### TASK TO CARRY OUT
The records that follow are to be printed exactly, with no images.

- - - - - - -

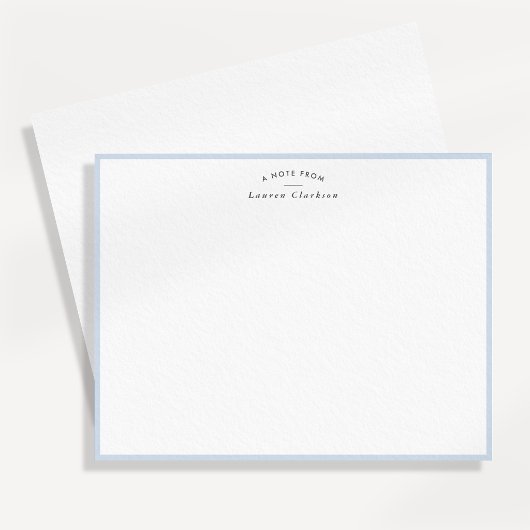 Carte de note personnalisée avec bordure bleu bébé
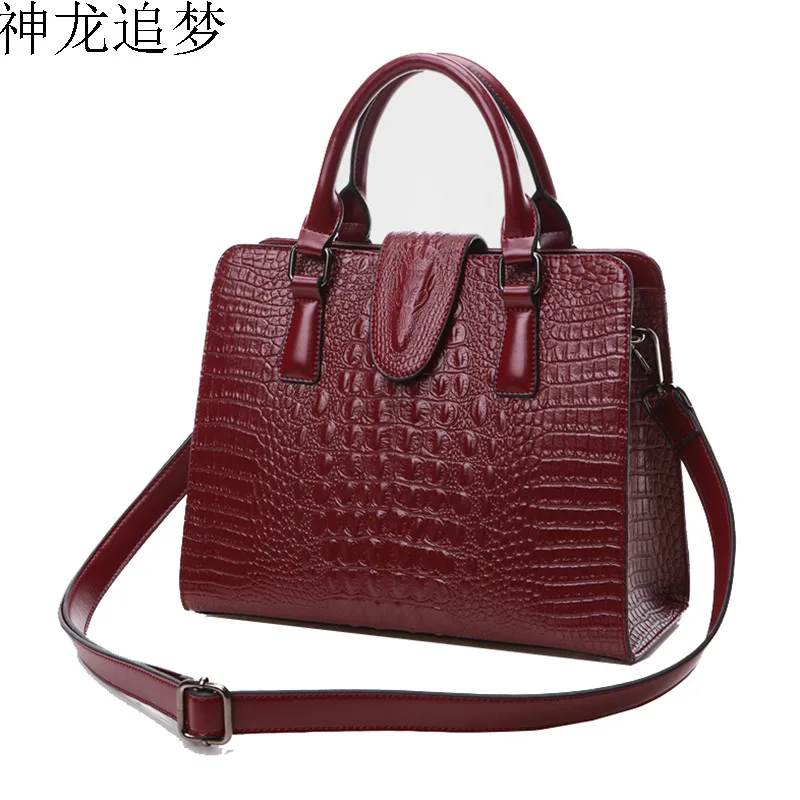 

crocodile pattern Cowhide leather women shell bag Women fashion bag totes handbag women shoulder bag women business bag purse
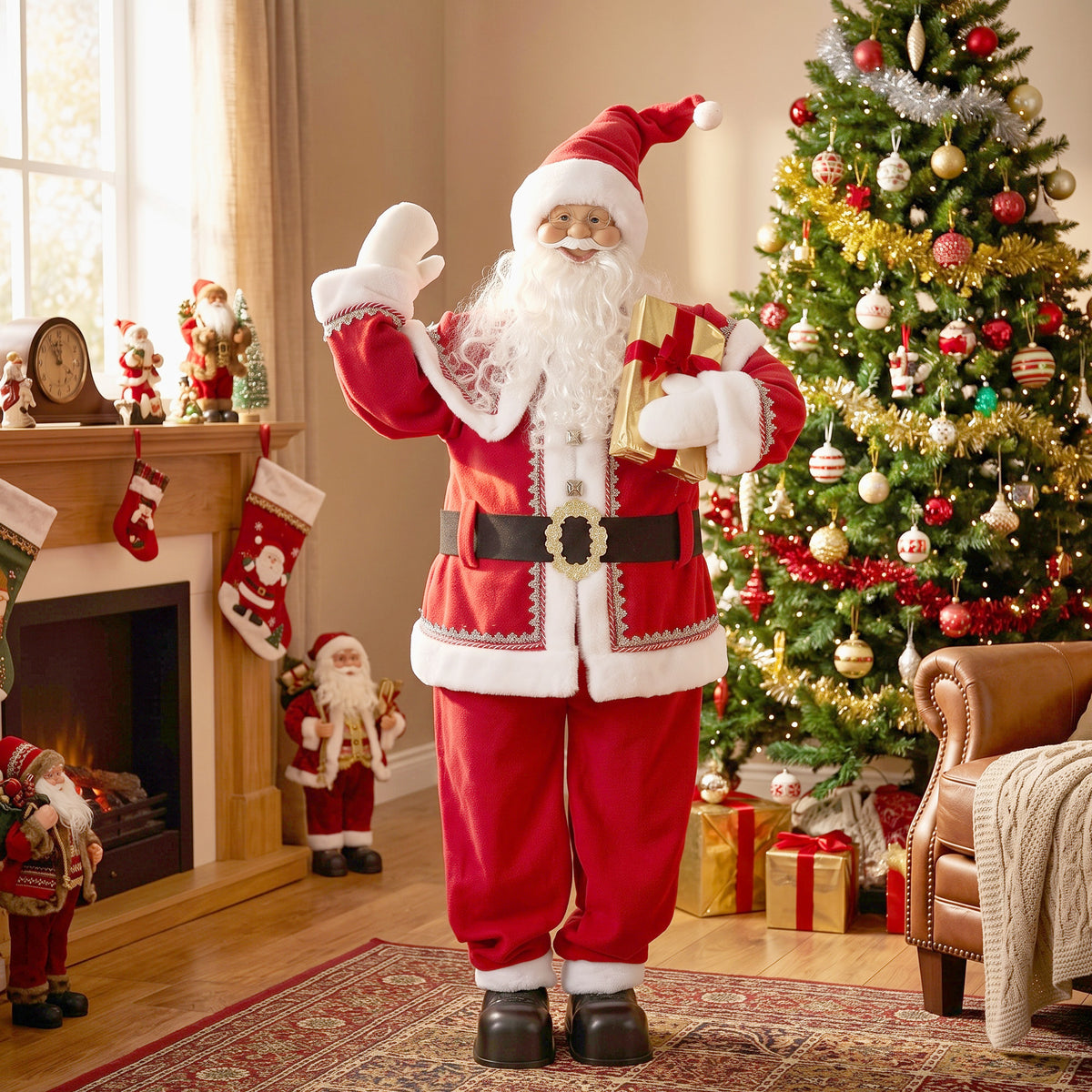 5ft Life Size Singing Santa Claus, Animated Santa with Rotating Head - view 2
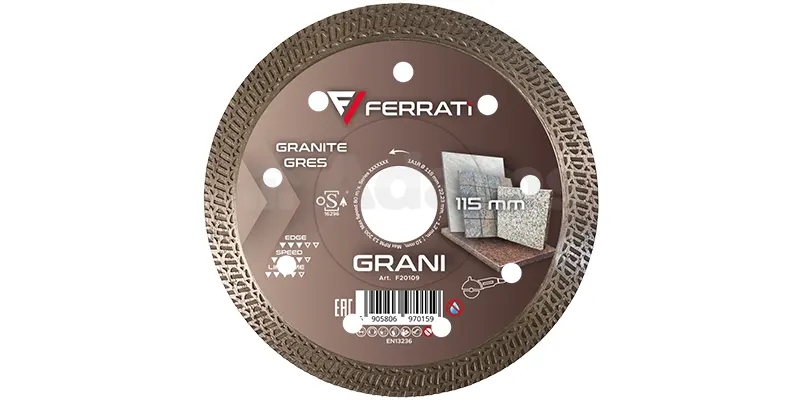 Die Grani-Trennscheibe eignet sich für die Bearbeitung von harten und dicken Materialien.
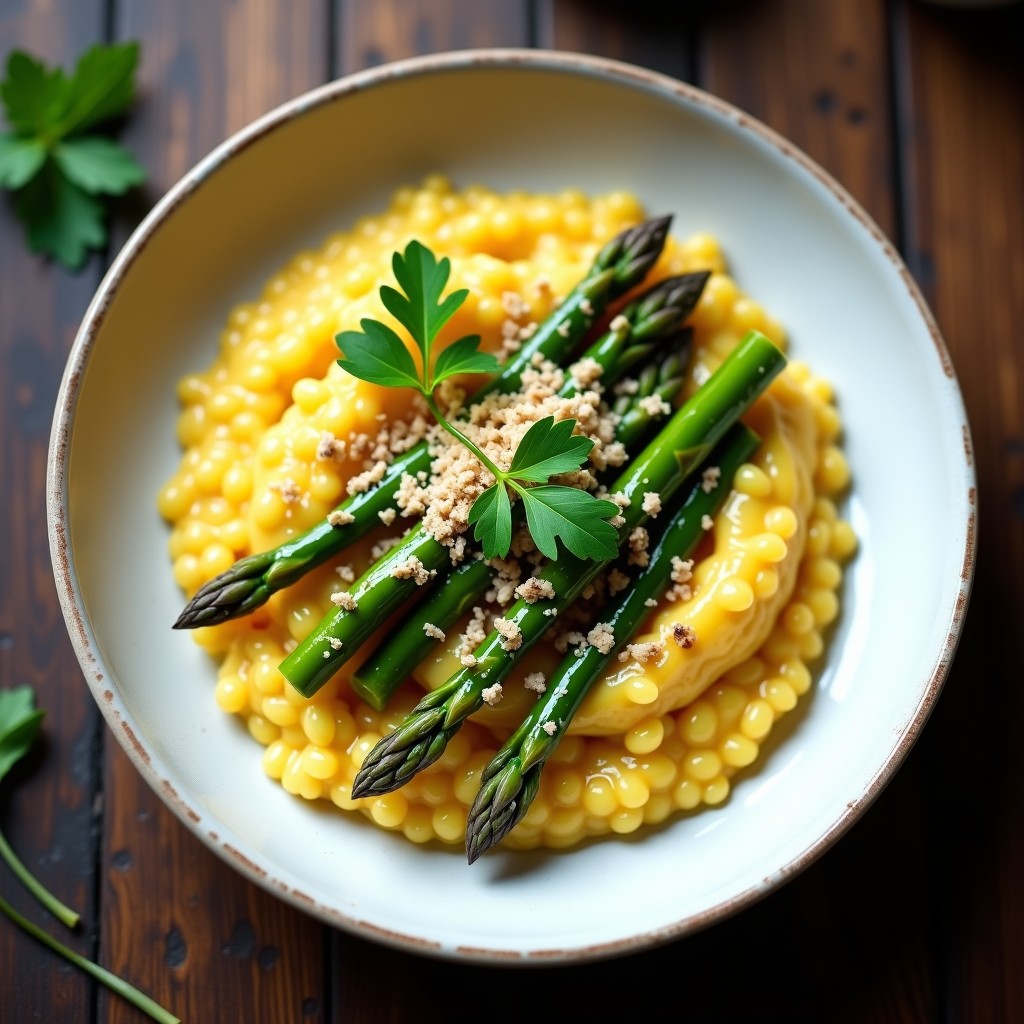 Plato hondo de cerámica blanca con risotto cremoso de color dorado por el azafrán, trozos de espárragos verdes brillantes y virutas de queso de cáscara de anacardo. Decorado con un hilo de aceite de trufa y hojas de perejil fresco sobre fondo rústico de madera.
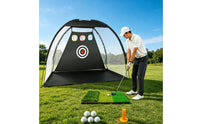 Portable Golf Hitting Net Easy to Install Golf Chipping Net Set Heavy Duty Sports Training Equipment Force-Resistant Resistant for Golfers, Beginners, Backyard, Indoor, Garage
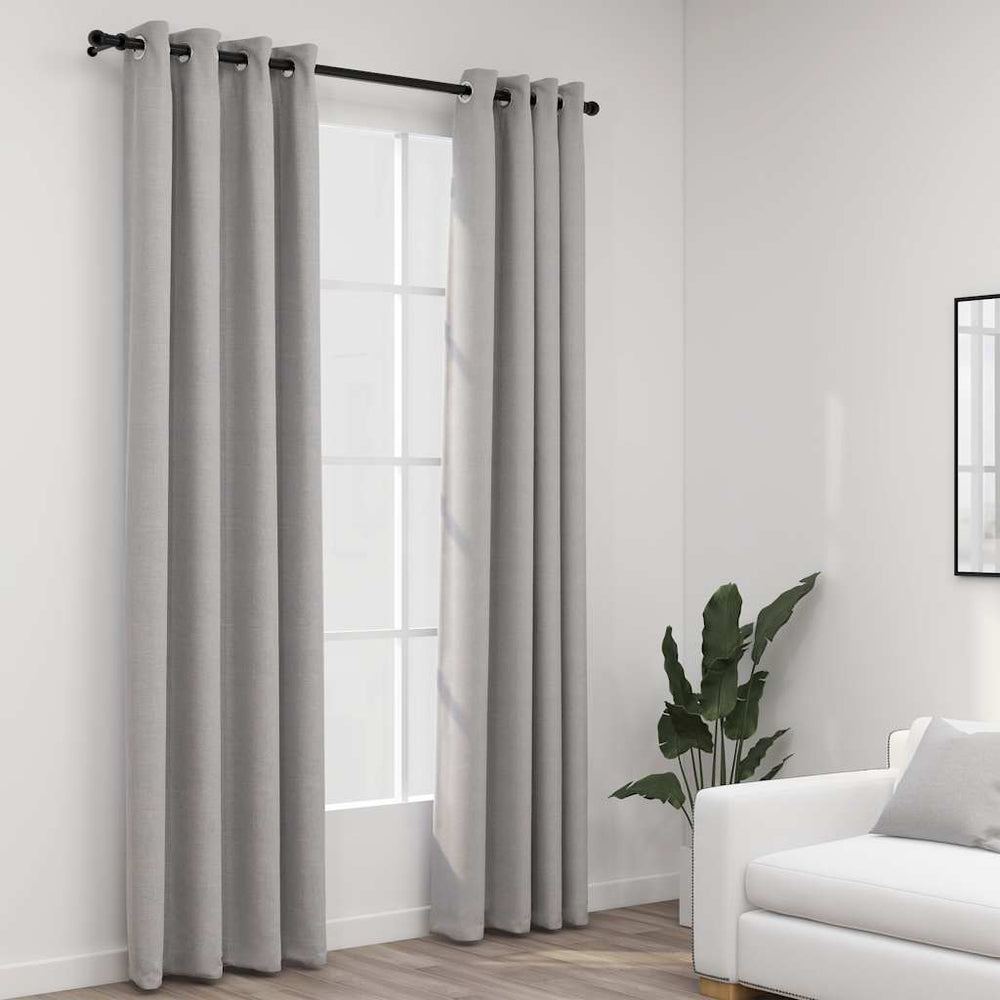 Verdunkelungsvorhänge Grau Leinenoptik 140x225 cm, 2er-Set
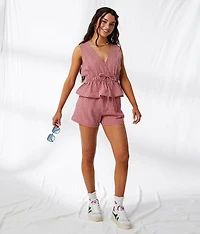 Gingham Peplum Tank Top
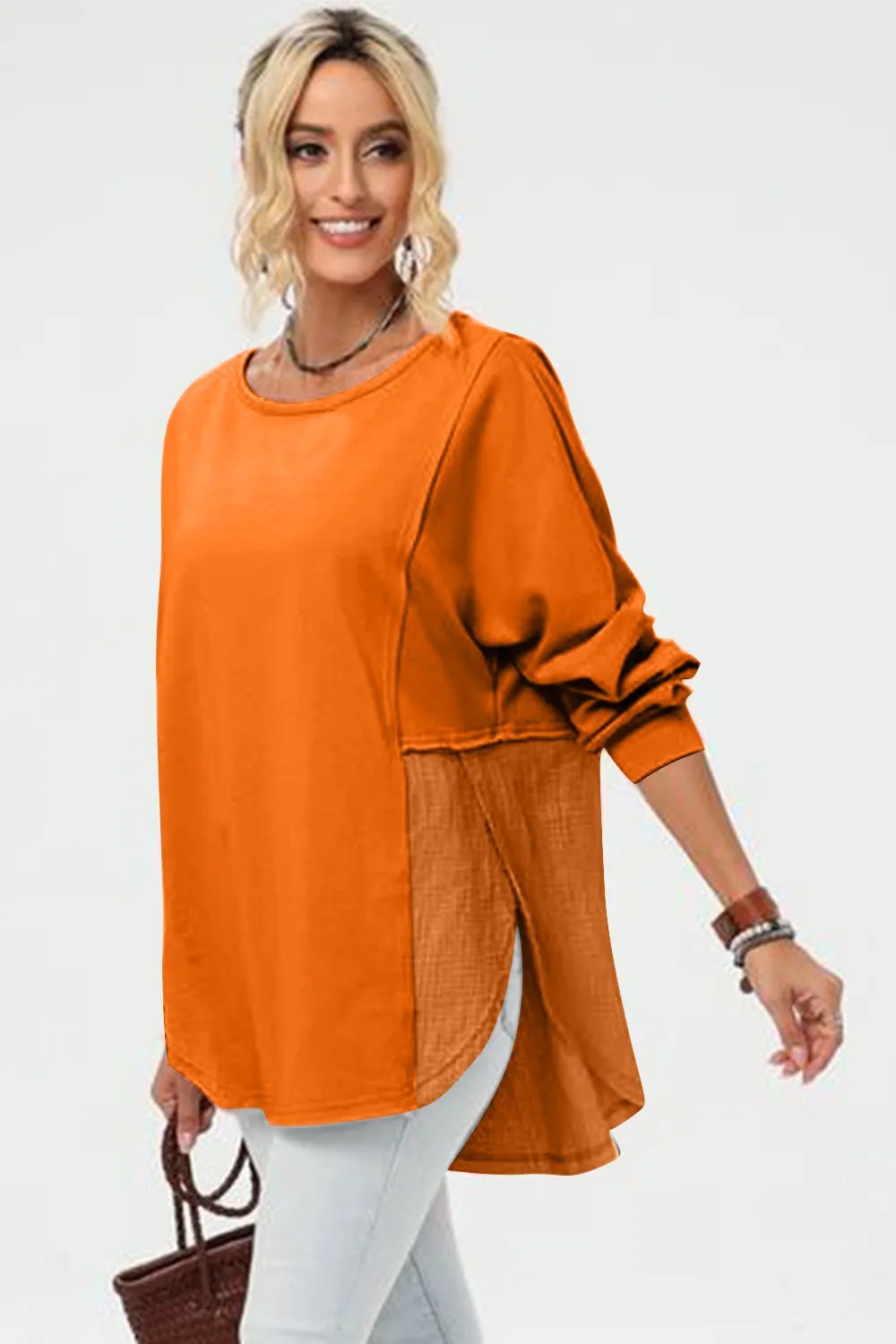 Double Take Full Size Long Sleeve High - Low T-Shirt - Grace & Grit Boutique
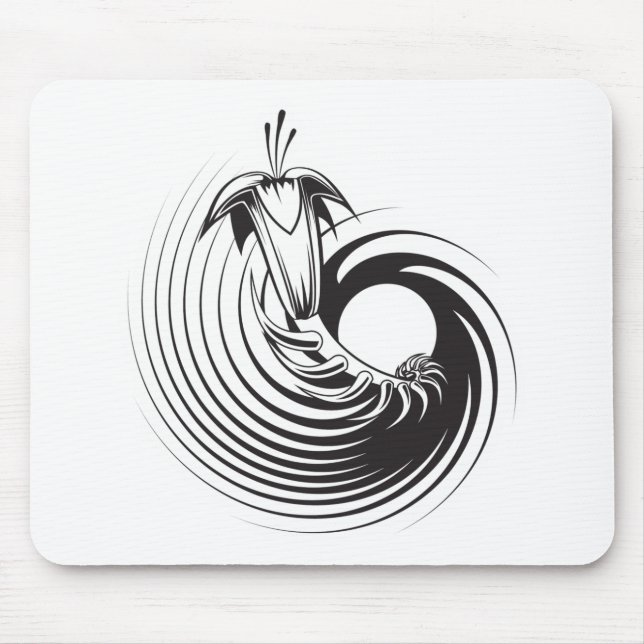 Tapis De Souris Conception de tatouage Plante spirale (Devant)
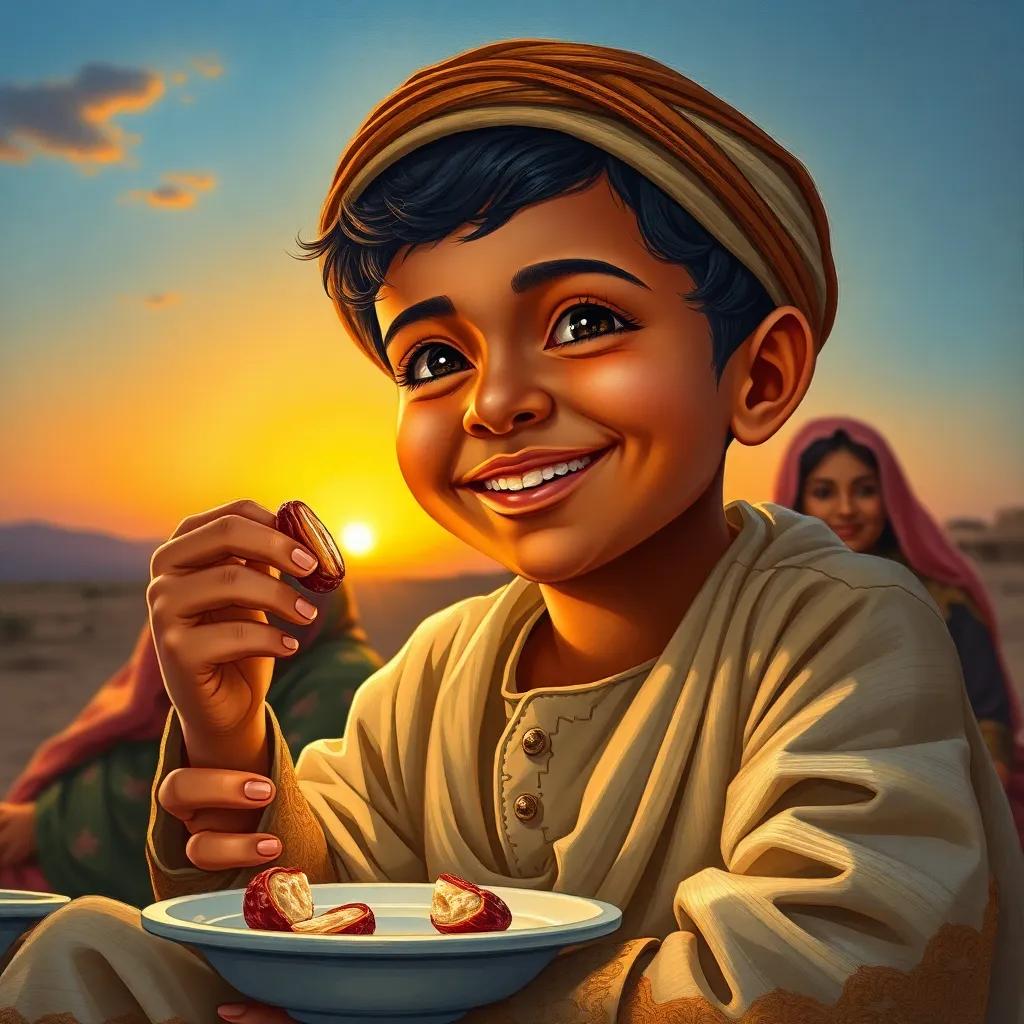 A young Omani boy, فارس, with a joyful expression, breaking his fast with a date at sunset, the evening sky glowing, family sitting around him, heartwarming scene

- - - - - - -

### RESULT OF THE EXERCISE
 Carte de note personnalisée avec bordure bleu bébé

crocodile pattern Cowhide leather women shell bag Women fashion bag totes handbag women shoulder bag women business bag purse
 5ft Life Size Singing Santa Claus, Animated Santa with Rotating Head - view 2
 Die Grani-Trennscheibe eignet sich für die Bearbeitung von harten und dicken Materialien.
 Plato hondo de cerámica blanca con risotto cremoso de color dorado por el azafrán, trozos de espárragos verdes brillantes y virutas de queso de cáscara de anacardo. Decorado con un hilo de aceite de trufa y hojas de perejil fresco sobre fondo rústico de madera.
 Portable Golf Hitting Net Easy to Install Golf Chipping Net Set Heavy Duty Sports Training Equipment Force-Resistant Resistant for Golfers, Beginners, Backyard, Indoor, Garage
 Verdunkelungsvorhänge Grau Leinenoptik 140x225 cm, 2er-Set
 Gingham Peplum Tank Top
 Double Take Full Size Long Sleeve High - Low T-Shirt - Grace & Grit Boutique
 Tapis De Souris Conception de tatouage Plante spirale (Devant)
 A young Omani boy, فارس, with a joyful expression, breaking his fast with a date at sunset, the evening sky glowing, family sitting around him, heartwarming scene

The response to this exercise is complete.